# I love WorldMark, but hate our Developer!



## breezez (Jan 11, 2018)

Been trying to combine two WM accounts since mid Nov.   They happily took my $299 fee over the phone, but have yet to mail or email my document to sign.

Call in today and get told we are still behind please give it another 30 days.    

This is on top of the quoted 6-8 weeks to process the paper after I sign it.

Seems pretty damn stupid they can call and try to sell you credits over phone stating the wonder benefits of Travelshare and if your stupid enough to buy you will have them that day.   But can take 6 months or longer to combine 2 accounts which is just a couple clicks in their computer!


----------



## DaveNV (Jan 11, 2018)

I hear you. I won an eBay auction for WorldMark back in October.  It still hasn't closed.

Dave


----------



## VacationForever (Jan 11, 2018)

I sold my WM in September, paid $299, sellers and buyers received the transfer documents in mid-Nov.  I called them several times and during Christmas week, finally someone in title who was willing to look up the account for me and told me that they confirmed that they had received all documents towards end of Nov.  She said they were processing Nov 1 paperwork then and the ETA that the transfer will complete is on Jan 11.  I asked about Jan dues, she said I had to pay it since delinquent account would not transfer.  I contacted seller, got a check, and I paid.  Today is Jan 11 and the account is still in my name.  Unbelievable.  Wyndham is HORRIBLE!  When I first bought mine resale before before Wyndham took over, it took 2 months from start to finish to complete the transfer.

Mine has a Jan anniversary and has lots of credits that will expire by end of Jan if this does not go through.  I will give it one more week and book something with it so that the buyer does not lose the points.


----------



## breezez (Jan 11, 2018)

VacationForever said:


> Mine has a Jan anniversary and has lots of credits that will expire by end of Jan if this does not go through.  I will give it one more week and book something with it so that the buyer does not lose the points.



Hopefully, your account is not locked normally they lock them once they generate papers.   If you can use them you may be better renting points out at WMOwners.com and reducing purchase price for new owner. @  .07 cents per credit you can probably rent them out in a couple days.


----------



## breezez (Jan 11, 2018)

My irritation is the speed they work.

Marriott can close a deal 90 days or less,
Hilton can close a deal 90 days or less
Vacation Village 14-30 Days

Wyndham 6-8 months...  I call BS

The two accounts I’m combining are already both in my name I’m just trying to move a 6K into a 21K account to lower MF’s.

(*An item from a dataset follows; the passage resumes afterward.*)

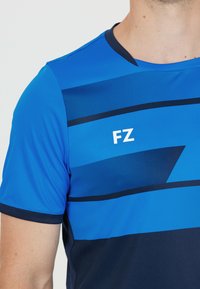 Mies, der ein blaues Sportshirt mit dunkelblauen geometrischen Mustern und weißen "FZ"-Buchstaben auf der Brust trägt.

It’s just a couple page form and they said they would email it.   There is no deed title search, etc.  So it makes 0 sense it could take this amount of time.


----------



## izzymail (Jan 16, 2018)

We purchased resale, beginning the process on 9/15/17. The documents finally arrived on 11/29 and we sent them back and received tracking confirmation they arrived on 12/8. Called 2 weeks later and they had no record of them, but took down the tracking number to research. Called back a couple weeks later, and they had record of receiving but said would be another 30 days. Complained again to the seller, and the transfer was finally completed within a couple of days on 1/12.

Basically 4 months! I agree that the forms and paperwork are extremely simple. This could not take more than 10 min of actual processing at the initial and secondary times. Obviously a case of severe understaffing and /or neglected technology in this department where there is no financial incentive to be timely.... Sellers who are leaving and resale buyers who will never purchase anything from the developer don't create $$$ other than the $299 fee which they will get no matter how slow they are. 

On another note, I think it could have been worse. The seller was a broker with personal relationships in the department and they called many, many times to escalate and check status. I don't think it would have been completed by now otherwise.

Side note, every representative I spoke with throughout the process was friendly, helpful, and professional. I can't imagine how frustrating it must be for them to be in this department. 

Second side note, even though the transfer is done, my online account is still locked for new reservations. They said to call back if it's not unlocked in a week, and I can make reservations by phone in the meantime. 

Good luck!!


----------